▶ **WHAT THE TASK ASKS**: What are the lines from the one with "this 1024×682 image." through the end of the records below, written out exactly and without the pictures?

Segment Start: GIVEN DATA

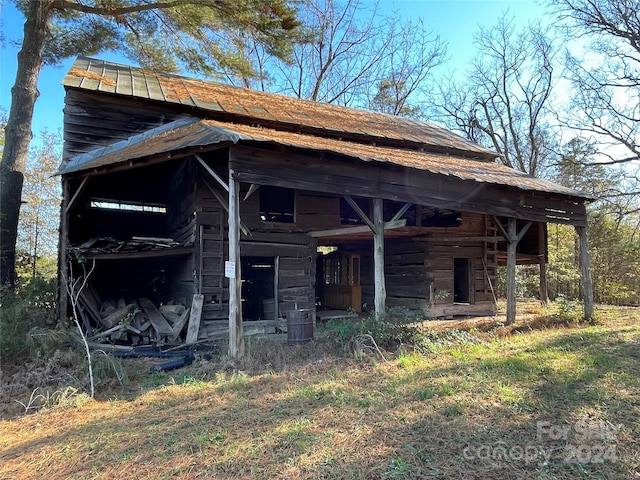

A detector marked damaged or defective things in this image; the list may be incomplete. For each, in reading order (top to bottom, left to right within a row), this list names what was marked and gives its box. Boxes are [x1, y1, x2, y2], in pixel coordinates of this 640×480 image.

rusty metal roof [62, 56, 498, 158]
rusty metal roof [60, 118, 592, 201]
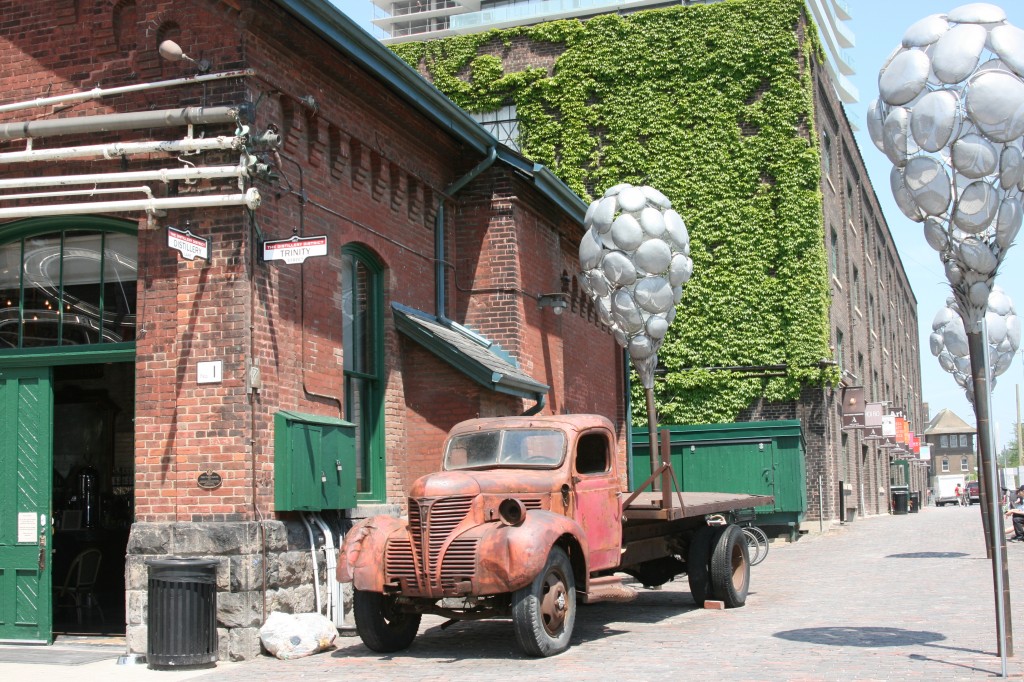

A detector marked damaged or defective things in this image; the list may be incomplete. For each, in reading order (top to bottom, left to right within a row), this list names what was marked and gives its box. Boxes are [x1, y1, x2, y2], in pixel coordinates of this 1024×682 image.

rusty old truck [336, 412, 768, 656]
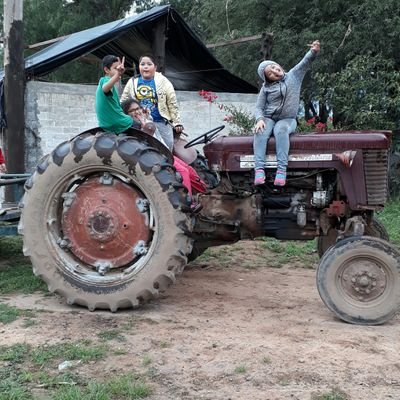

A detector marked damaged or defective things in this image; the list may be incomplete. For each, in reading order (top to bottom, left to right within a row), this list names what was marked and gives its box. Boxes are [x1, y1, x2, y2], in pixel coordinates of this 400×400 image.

rusty metal surface [61, 177, 150, 266]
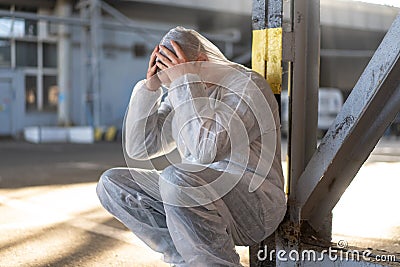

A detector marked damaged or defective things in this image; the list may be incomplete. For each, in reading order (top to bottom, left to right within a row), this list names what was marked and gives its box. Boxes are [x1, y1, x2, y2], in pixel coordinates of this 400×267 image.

Segment End: GIVEN DATA

▶ **RESPONSE**:
A detector marked damaged or defective things in this image; the list may be incomplete. For each, in reading order (top to bottom, left to right within a row), this list names what was marked and gives its box. Boxes are [x1, y1, x2, y2], in pixel coordinates of this 1024×682 image.

rusty old truck [336, 412, 768, 656]

A detector marked damaged or defective things in this image; the list may be incomplete. For each, in reading order (top to bottom, left to right within a row), this list names what was marked and gives its box. Boxes are [x1, y1, x2, y2], in pixel coordinates of this 400×400 image.

rusty metal surface [61, 177, 150, 266]

A detector marked damaged or defective things in this image; the list may be incomplete. For each, in reading order (top to bottom, left to right within a row), this list names what was marked and gives its box. Boxes are [x1, y1, x2, y2], in pixel coordinates of this 400×267 image.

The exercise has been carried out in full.